Num arquipélago espalhado pelo mundo, literacia mediática é tarefa de todos. As redes aceleram informação e desinformação. Ferreira Gullar, em Poema Sujo, escreveu em exílio a urgência de nomear a realidade, e nomear é o primeiro passo para não ser manipulado. A cada afirmação, perguntemos: qual a fonte? qual o dado? O espírito democrático exige mais do que paixão: pede provas.

Partidos e instituições também têm o seu exame de consciência. Levitsky e Ziblatt sublinham o papel de porteiros (gatekeepers): cabe aos partidos filtrar lideranças que insultam regras, normalizam violência ou ameaçam liberdades civis. Regras internas claras, transparência e formação cívica não são luxo: são prevenção. E prevenção é mais barata do que reconstrução. Como metáfora de um sistema imunitário que reage para preservar o corpo democrático, vale lembrar o recente julgamento que tornou Jair Bolsonaro inelegível até 2030 por abuso de poder e ataques ao sistema eleitoral, sinal de que instituições, quando funcionam, corrigem os seus desvios. 
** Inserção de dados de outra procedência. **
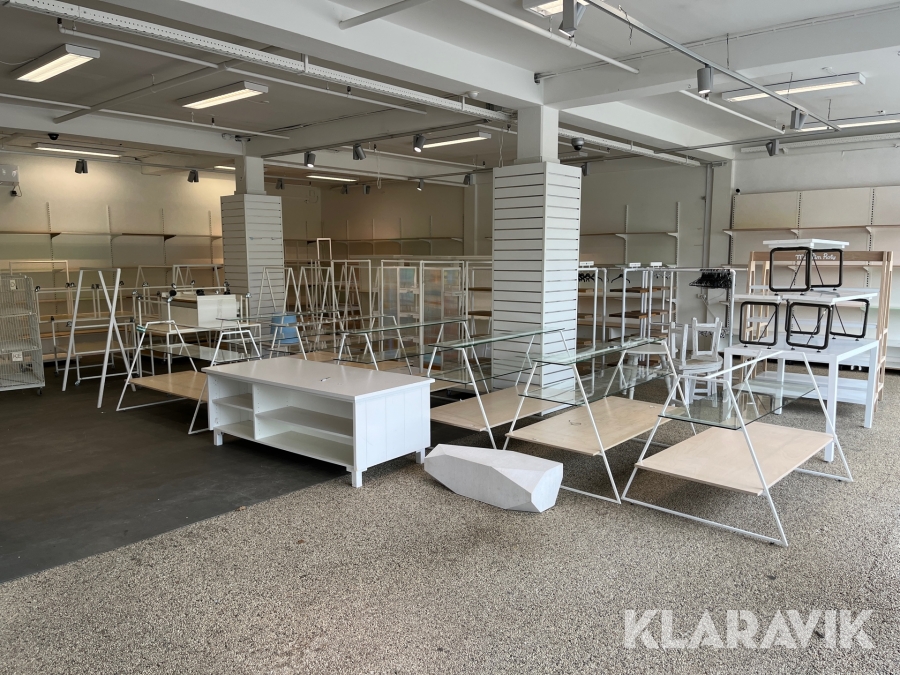 Butiks inventar Flere forskellige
A juventude é agora. Projetos de leitura, ciência cidadã, orçamentos participativos juvenis e cultura de bairro criam hábitos democráticos. A autora brasileira Conceição Evaristo chama de “escrevivência” a entrada das narrativas de mulheres negras no centro do texto: participação política em linguagem estética. Nos bairros periféricos de São Paulo, Sérgio Vaz e a Cooperifa (Cooperativa Cultural da Periferia) provaram que sarau é assembleia: microfone aberto como exercício de voz pública. Em Cabo Verde, bibliotecas, clubes de leitura e coletivos culturais podem cumprir a mesma missão: do Mindelo à Praia, do Tarrafal a Santa Catarina.

Democracia também precisa de imaginação. Nélida Piñon, em A República dos Sonhos, costura migrações e pertenças: quem parte continua a pertencer. Essa é uma chave cabo-verdiana por excelência. A diáspora não é perda; é extensão do parlamento da vida. E Chico Buarque, entre o teatro e o romance, lembra que a alegoria ajuda a falar de censura, poder e liberdade quando o literal fica estreito, a arte abre claraboias num quarto abafado.
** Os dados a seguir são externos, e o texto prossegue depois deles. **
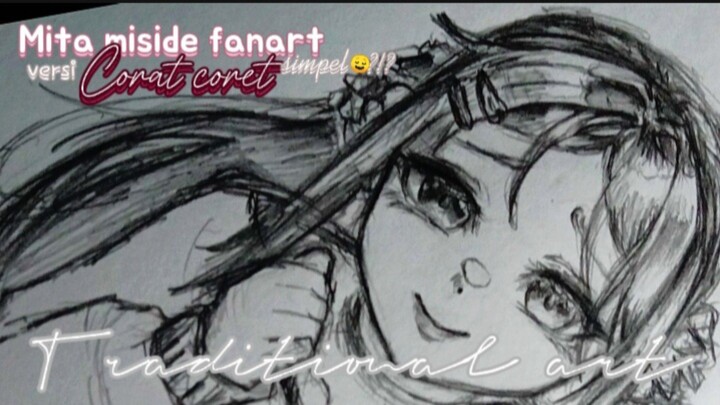 Corat coret simpel Mita dari miside Mita 😯?!!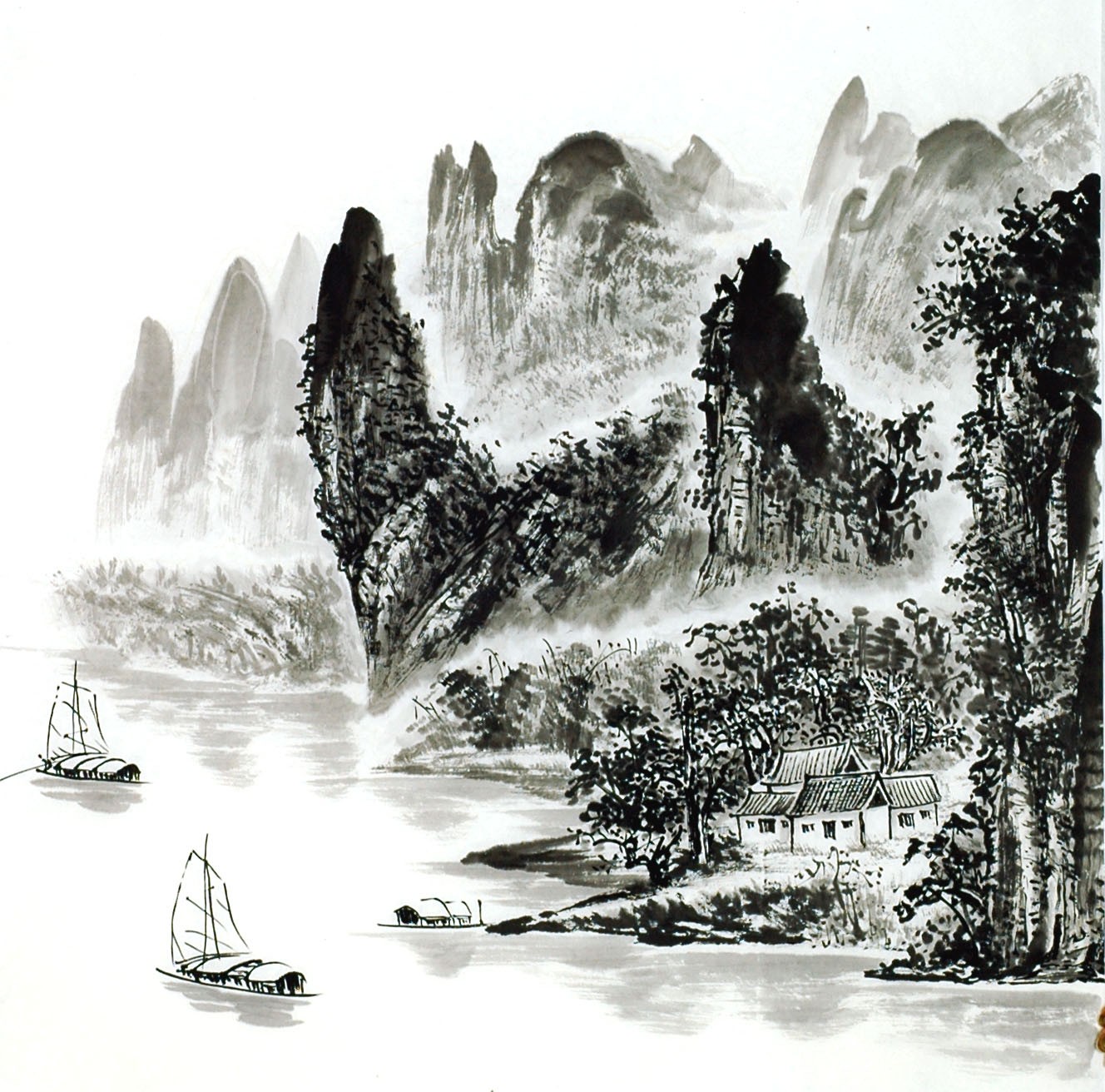 Chinese Landscape Painting - CNAG014220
No fim, o teste é simples e difícil ao mesmo tempo: informar-se bem, participar, dialogar com respeito, apoiar o que é local e cuidar do espaço comum (do bairro à praia). Se a erosão democrática é um processo, a sua defesa também o é: pequenas decisões consistentes que, somadas, criam instituições confiáveis e uma cultura de confiança. Democracia não é um evento; é um hábito, e, nas ilhas e na diáspora, em Cabo Verde, no Brasil ou no Nepal, começa na forma como escutamos e respondemos uns aos outros.